Ainsi, les alinéas 4, 9 et 13 du présent article prévoient qu'une décision « de la commission des sanctions est rendue publique dans les publications, journaux, supports qu'elle désigne, dans un format proportionné à la faute commise et à la sanction infligée. [...] Toutefois, lorsque la publication risque de perturber gravement les marchés financiers ou de causer un préjudice disproportionné aux parties en cause , la décision de la commission peut prévoir qu'elle ne sera pas publiée ». Par ailleurs, la publication aux frais des personnes sanctionnées est maintenue .

III. LA POSITION DE VOTRE COMMISSION DES FINANCES

Comme indiqué plus haut, dans le commentaire sur l'article 2 quater , le relèvement du plafond des sanctions a essentiellement une vertu dissuasive et symbolique .

En 2009, la sanction la plus élevée imposée par la Commission bancaire atteignait le montant de 20 millions d'euros, soit moins de la moitié du plafond applicable 133 ( * ) , alors même qu'elle a été infligée pour des « carences en matière de contrôle interne dans le domaine des opérations de marché ». D'ailleurs, la sanction rappelait explicitement que « ce montant doit s'apprécier au regard des dispositions de la loi n° 2008-776 du 4 août 2008 qui a relevé le plafond des sanctions pécuniaires ».

De fait, cette sanction apparaît d'ores et déjà élevée au regard des pratiques étrangères . Par exemple, au Pays-Bas, l'amende maximale infligée à un établissement ne peut dépasser 480 000 euros.
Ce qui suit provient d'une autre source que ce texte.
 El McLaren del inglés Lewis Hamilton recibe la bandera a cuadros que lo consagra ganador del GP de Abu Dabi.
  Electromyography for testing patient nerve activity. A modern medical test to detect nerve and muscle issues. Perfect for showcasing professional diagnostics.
La Banque d'Espagne peut prononcer une sanction pécuniaire pour les fautes très graves qui s'élève à hauteur de 1 % des fonds propres : pour atteindre le plafond fixé par le présent article, une banque doit ainsi disposer de 10 milliards d'euros de fonds propres. Seule la Financial Services Authority (FSA) britannique pourrait être potentiellement plus sévère que l'ACP car il n'existe aucun plafond aux sanctions pécuniaires qu'elle peut imposer.

Par ailleurs, de même que pour l'AMF, votre rapporteur est favorable à l'introduction d'un principe de publication systématique des décisions de la commission des sanctions, tout en préservant la possibilité d'une exception lorsque les circonstances l'exigent : « l'ordre public financier » ou un risque de préjudice de réputation disproportionné pour la personne sanctionnée.

Décision de la commission : votre commission a adopté cet article sans modification.


* 132 Aux termes de l'article L. 612-9 du code monétaire et financier, la commission des sanctions de l'ACP est composée de cinq membres, qui ne peuvent siéger au sein des collèges de l'ACP.

* 133 L'article 159 de la loi de modernisation de l'économie du 4 août 2008 a décuplé le plafond applicable en le relevant à hauteur de cinquante millions d'euros.